I don't know what exactly is causing the problem, but it is possible that
pages are being paged in, the process runs on them for a quantum, and then
paged out. In this case, it might help to dictate a minimum time a page
can be "in", measured in the amount of work the owning process manages to
do.
My other quibble is that the out-of-memory killer seems to choose
processes fairly randomly. Ideally, it should kill the process that is
causing the problem - which in my experience is always the biggest process
in the system, or the process which has grown the fastest recently.
However, it should probably be positively discouraged from killing things
like apache (where most of the process space is shared), or gettys (which
are firstly small, and secondly likely to be respawned by someone at the
first opportunity).
> Attempted reboots locally via Ctrl-Alt-Delete and Magic SysRq failed
> because (1) I had disabled ctrl-alt-delete mapping in inittab "for
> security", and (2) I had not compiled Magic SysRq support on this
> particular server. More notes to self.
I think that if you had not disabled ctrl-alt-delete, it wouldn't have
done much good anyway, since usually that key combination just tells init
to spawn a shutdown process, which has just as much chance of getting
resources as any other process in the system.

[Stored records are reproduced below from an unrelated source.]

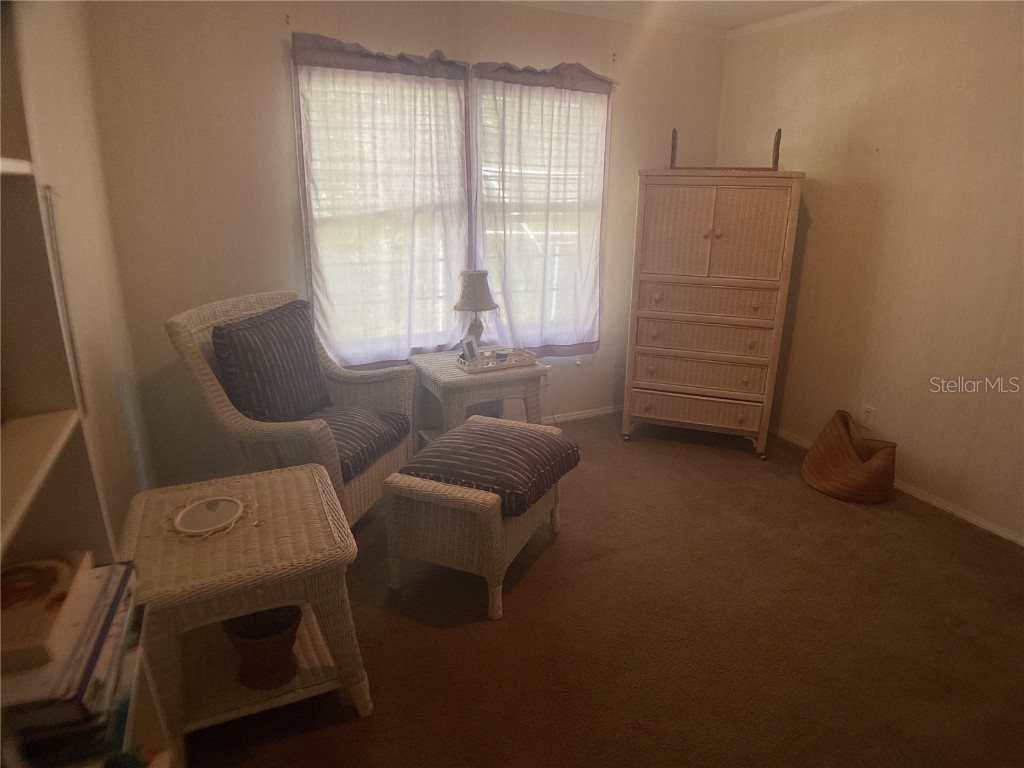 473 Hobbs Drive Venus FL 33960 C7514153 image63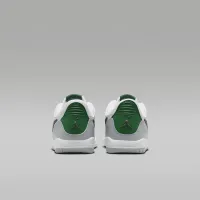 Nike Air Jordan Legacy 312 Low Little дитячі Кросівки колір білий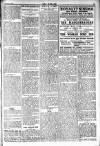 Richmond Herald Saturday 19 February 1916 Page 7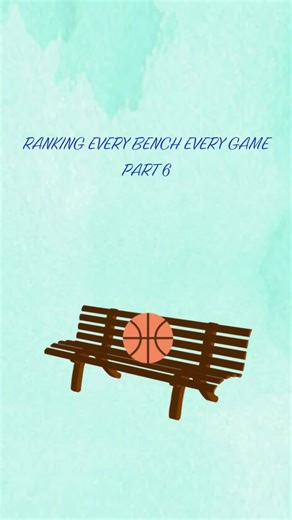 Top Comfort Cushions for Basketball Benches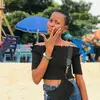Doris Rashidatu Cole - @doris.rashidatu.co - TikTok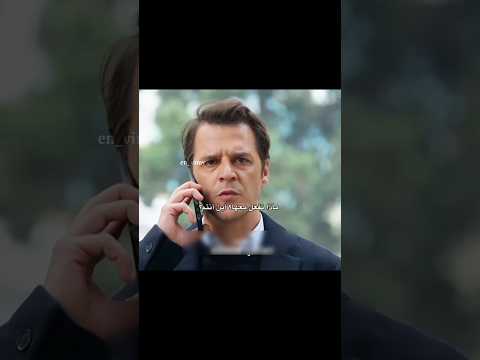 اكتشف خيانة زوجته مع اخوه خالد وموكو           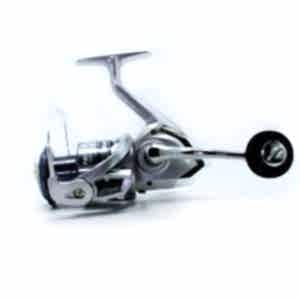 captain focus 60 3 1 bb tekne olta makinesi jpg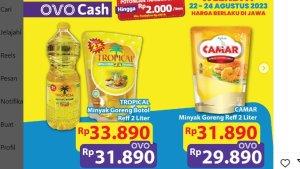 KATALOG-Promo-Hypermart-23-Agustus-2023-Awal-Pekan-Banyak-Untung-Migor-Extra-Diskon-Pakai-OVO.jpg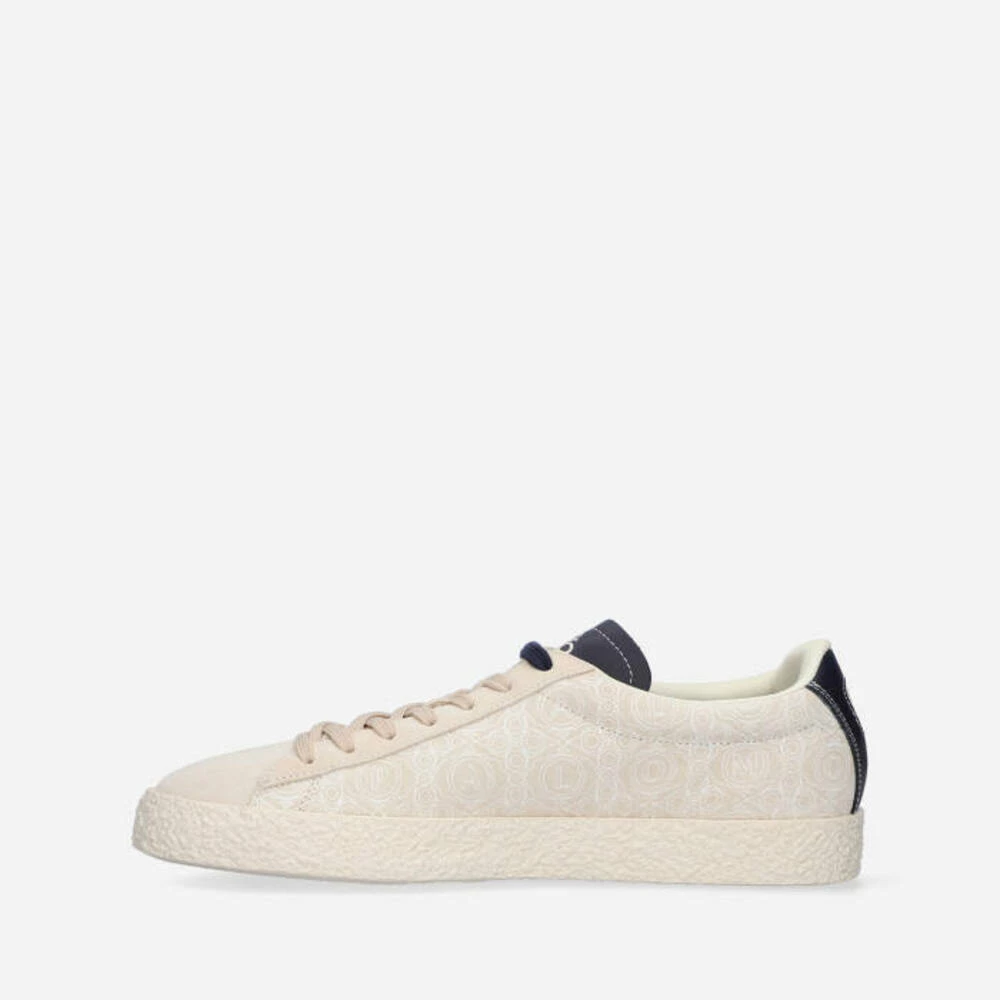 PUMA Sneakers Beige 2 PUMA Sneakers Beige - Bilde 2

> While I agree with BugTraq posts in response to this that applications
> like Mozilla which accept font-sizes from unknown sources should have some
> check to prevent such large sizes from crashing X and/or the X Font
> Server, I'm alarmed by (1) the way the X font server allows itself to be
> crashed like this, and (2) the way the entire Linux kernel seems to have
> been unable to handle the situation.
I am in complete agreement with both points, but particularly that the
kernel should be able to cope with the situation gracefully. I know one
can set limits on processes, but the kernel should still be able to cope
if we don't.
> Suggestions on how to work around this on multiple levels would definitely
> be appreciated.
My suggestion would be to set a maximum core size for the xfs-daemon
process. Given your setup, something like 400MB seems appropriate - maybe
a little lower. Details for doing this seem to differ from linux to linux.
Having done that, I would make sure xfs respawns when it dies - that way
someone can't just DOS your whole network by asking for a large font.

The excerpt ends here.